Sunday was a bit more rushed in order for me to catch my flight. Jim and Gina made a delicious breakfast for our send off. Logan insisted on ketchup on his blueberry pancakes, but who am I to judge? The flight home was much easier since Logan slept for two hours and was placated with goldfish crackers and water until landing. Throughout the entire trip Logan was auditioning for Toddler of the Year Award. He was wonderful all weekend, quickly adjusting to being with new people, rarely cranky and oh so friendly. When Jim's dad popped by, Logan immediately snuggled up in his arms and spent a great deal of time petting and kissing baby Korbin. Although he and Brenna had a couple conflicts over toys, mostly they seemed content to play nearby with little intervention necessary. It was so much easier only watching one kid of my own!

When we arrived back in Los Angeles, Hayden and Logan were so glad to see each other. They stood at the baggage carousel just hugging and kissing each other while we waiting for my suitcase. Such little sweethearts. It had been a wonderful trip, but I was happy to get home.

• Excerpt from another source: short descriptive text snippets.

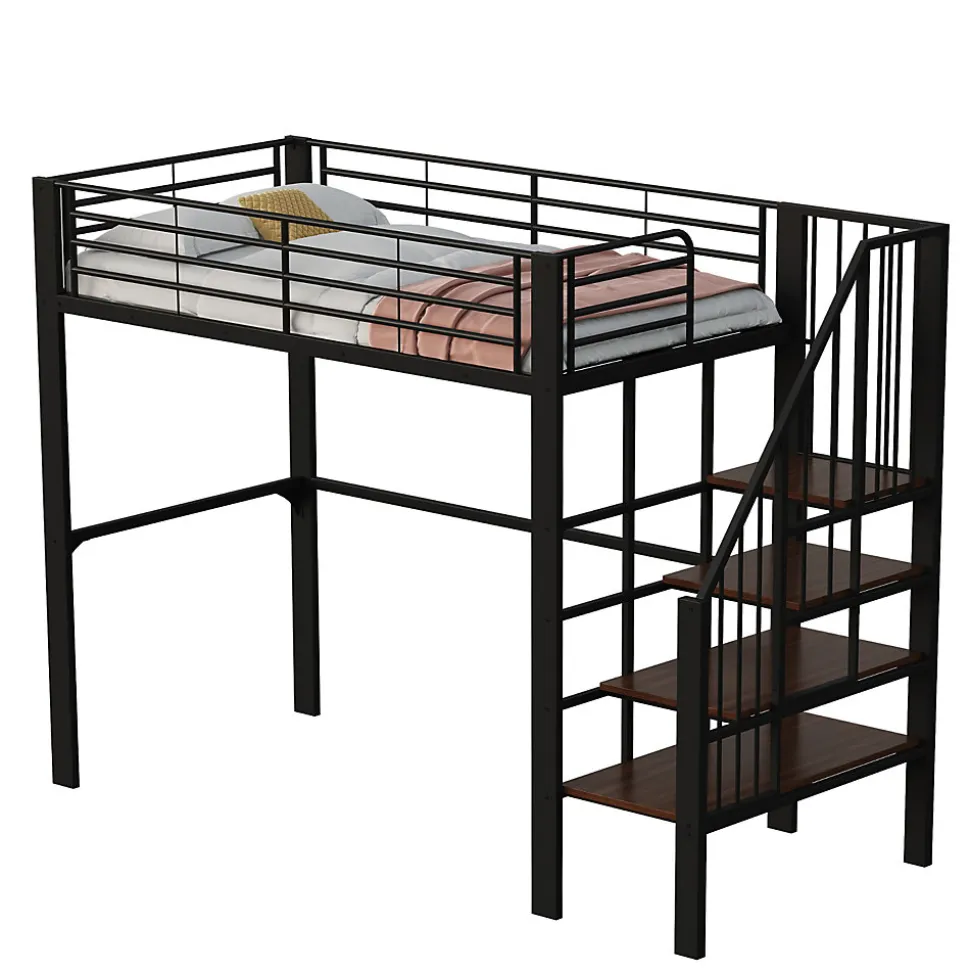 Lit mezzanine 90x200 cm - Lit simple avec rangement et escalier intégré, structure métallique solide - Noir - Sans matelas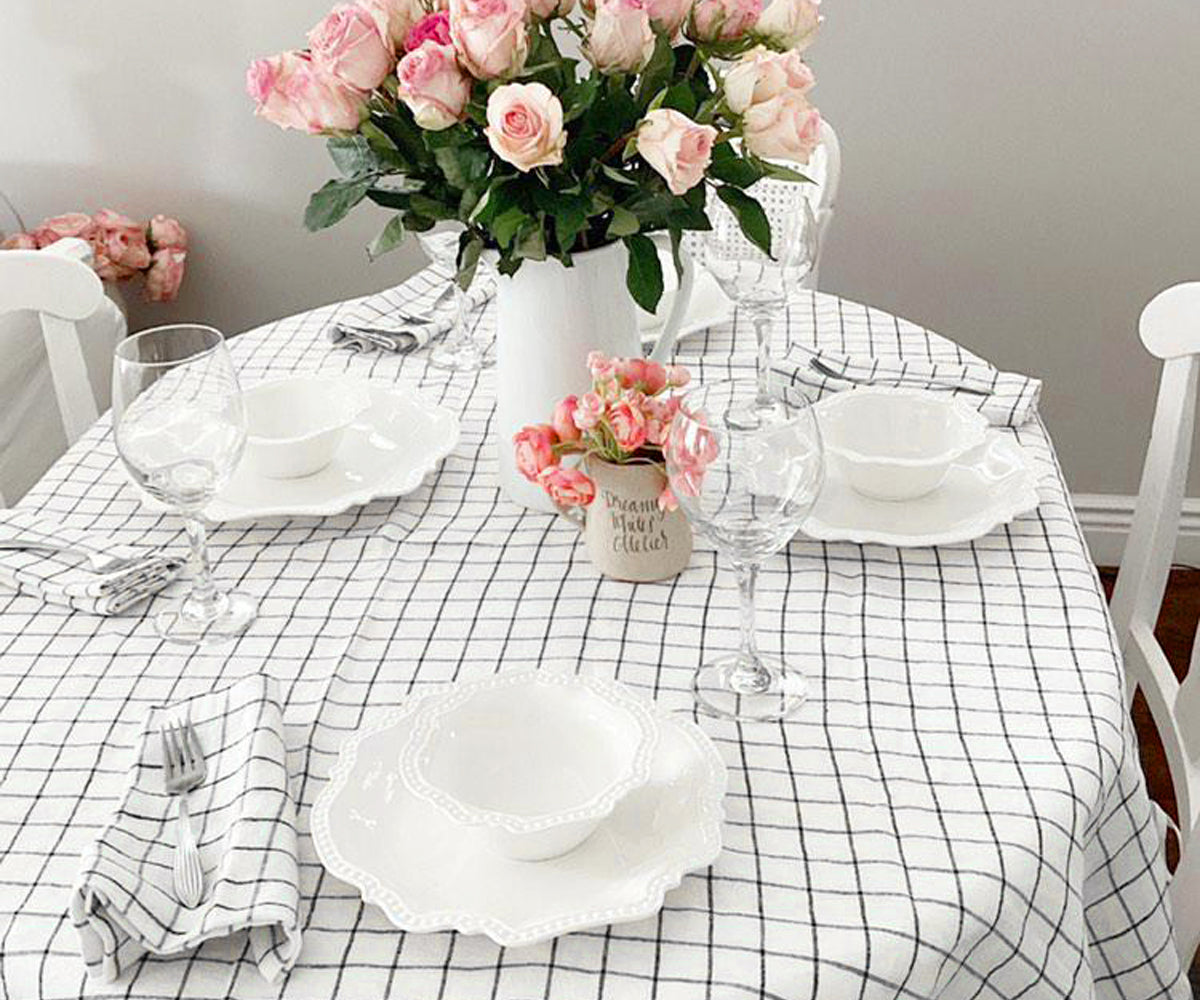 Linen Napkins - Grid Napkins Set of 4 & 8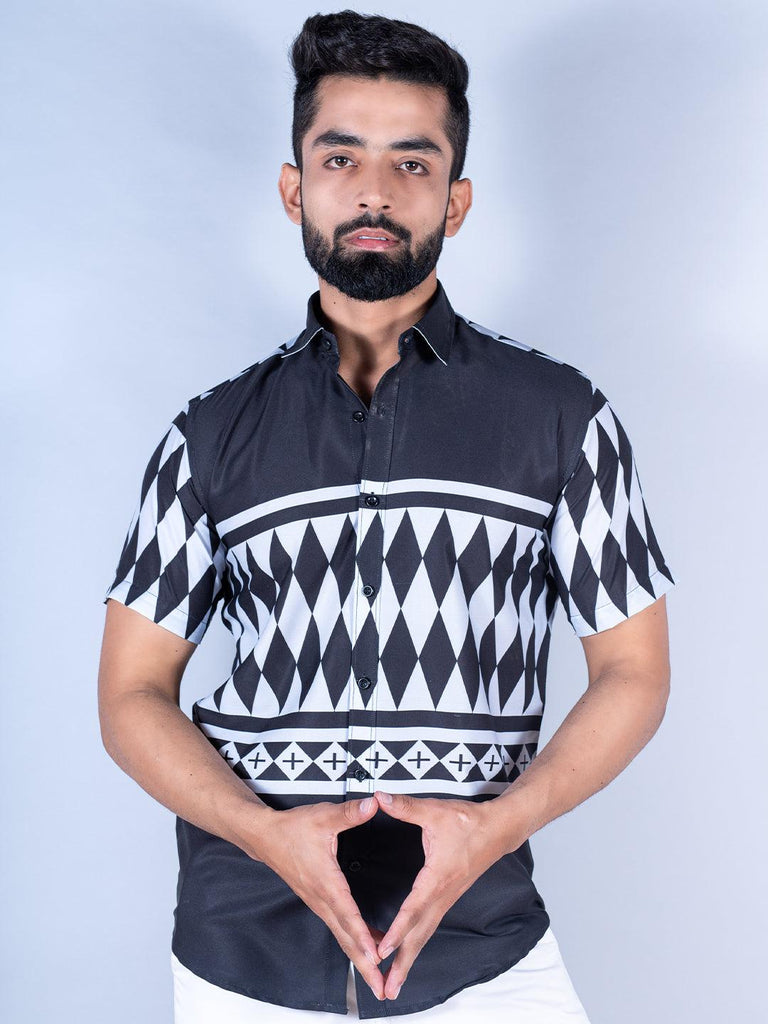 Black & White Aztec Printed Half Sleeves Crepe Shirt - Tistabene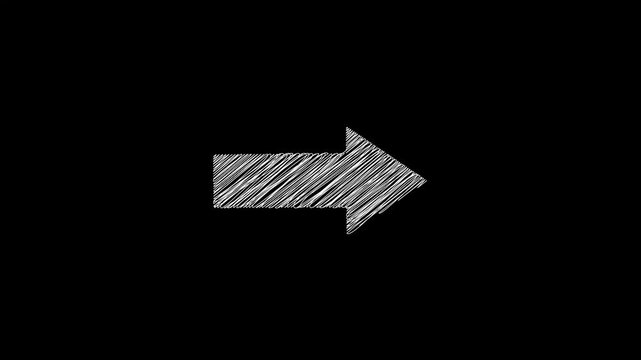 Transparent scribble grunge arrow animation on black background with alpha channel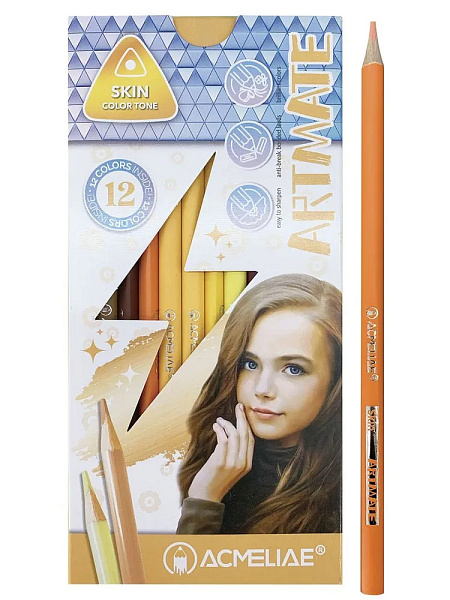 Карандаши 12 цв. ACMELIAE Skin Artmate телесные в картонном футляре,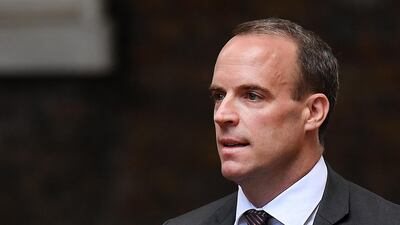 Dominic Raab was upbeat when delivering a summary of progress in the negotiations to parliament on its first day back after the summer break. EPA/ANDY RAIN
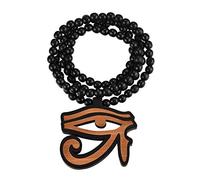 FaithHeart Wooden Necklace for Men Boys Religious Eye of Horus Exotic African Jewellery 36" Long Rosary Beads Talisman Amulets for Anniversary Graduation's Gift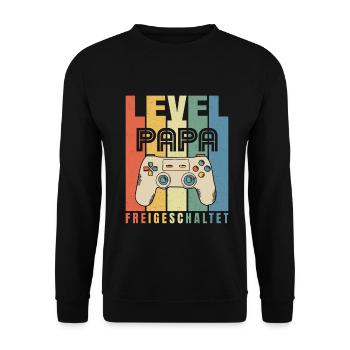 Schwangerschaft Verkünden Papa Baby Großeltern - Unisex Pullover - Schwarz - Vorne - Alina (178cm) & Michal (187cm)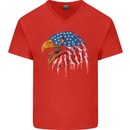 American Eagle USA Flag July 4th Mens V-Neck Cotton T-Shirt Red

Tuesday, December 05, 2006

In my day we would have just said Ox.

Hayden seems to be pretty articulate. He picks up various words and phrases and uses them in context when we least expect it. Last night he chattered on and on about which cars need to be fixed, what about them needs to be fixed and who will do it. "Daddy needs to fix the motor in the brown car, but the green car has a broken wheel and needs to be taken to the shopping." Ok, so sometimes it gets a little mixed up, but you get the idea. Last night he started a sentence with "The fact of the matter is..." and he was right.

My favorite time of the day is bedtime stories with Hayden. He picks which book he wants to hear, then snuggles up on his bed with me and his stuffed froggy. He is pretty consistent in picking the same five books or so and is very familiar with each one. Last night he totally floored me by reciting nearly the entire book on his own. It was an alphabet book that has a verse for each letter. Even better is the fact that he can look at a page with the entire alphabet on it and identify most of the letters by sight. I then quiz him on what starts with that particular letter. It's fun to see what he comes up with and how he identifies things.

Me- "Hayden, what starts with H?"
Hayden- "I do!"
Me- "That's right! Hayden, what starts with D?"
Hayden- "Daddy starts with D!"
Me- "Very good! Hayden, what starts with O?"